Things to consider while doing a linear regression

Main assumptions

  • Validity
  • Additivity
  • Linearity
  • Independence and equal variance of errors (we’re talking about OLS)
  • Normality of errors (might not be present, but its distribution has to be understood)

Checklist before modeling

  • Distribution of the target variable
  • Distributions and correlations between exogenous variables
  • Missing values and outliers
  • Interpretation of values (also applies to outlier identification) and data leakage
  • Would an intercept make sense from interpretability point of view?
  • Should we expect any variable interactions?

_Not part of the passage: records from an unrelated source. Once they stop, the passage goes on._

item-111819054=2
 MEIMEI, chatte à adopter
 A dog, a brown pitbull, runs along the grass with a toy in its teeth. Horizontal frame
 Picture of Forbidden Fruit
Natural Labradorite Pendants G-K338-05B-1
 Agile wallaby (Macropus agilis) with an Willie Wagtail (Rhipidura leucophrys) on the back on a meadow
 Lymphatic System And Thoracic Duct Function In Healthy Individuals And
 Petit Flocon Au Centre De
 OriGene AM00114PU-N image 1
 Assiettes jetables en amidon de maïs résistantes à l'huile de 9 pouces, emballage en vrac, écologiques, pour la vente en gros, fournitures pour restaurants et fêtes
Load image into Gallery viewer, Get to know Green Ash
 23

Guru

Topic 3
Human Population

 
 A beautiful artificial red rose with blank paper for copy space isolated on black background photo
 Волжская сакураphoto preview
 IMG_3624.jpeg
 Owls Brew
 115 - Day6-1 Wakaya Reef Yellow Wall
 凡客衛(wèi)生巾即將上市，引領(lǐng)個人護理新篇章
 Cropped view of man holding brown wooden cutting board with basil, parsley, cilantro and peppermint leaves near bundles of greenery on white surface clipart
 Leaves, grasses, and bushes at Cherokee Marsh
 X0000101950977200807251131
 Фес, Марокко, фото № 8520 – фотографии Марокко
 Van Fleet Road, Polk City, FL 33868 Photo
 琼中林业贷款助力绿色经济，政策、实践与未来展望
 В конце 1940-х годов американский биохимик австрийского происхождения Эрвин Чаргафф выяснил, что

Checklist for transformations

  • Where do we need normalization?
  • Where do we need one-hot encoding?
    • Do we really need it, can we split some variable values into ordinal bins?
  • Any non-linear transformations would make sense here?
  • Check correlation and distribution of interactions

Checklist for fit and validation

  • Does the sign of the coefficient make sense? Is it statistically significant?
  • Does Rsq make sense? Would you expect it to be big or small and why?
  • Is Rsq of validation set lower that of a training set?
  • distribution and qqplot of residuals, does it make sense? If not, is there a transformation to make things better
    • Shapiro-Wilk, cook distance?
    • VIF is less then 10 for each variable
    • partial regression plots, do they make sense? Should some variables be kicked out?

Things for production

  • Do we get enough data, is it clean enough?
  • How do we see if that data or the process changed enough to make the model invalid?
  • Do we get the data quickly enough for the answer to make sense?
  • Is the model interpretable enough and accepted by the business?
  • How would the model errors affect the business process? And expected feedback loops?
Written on March 5, 2020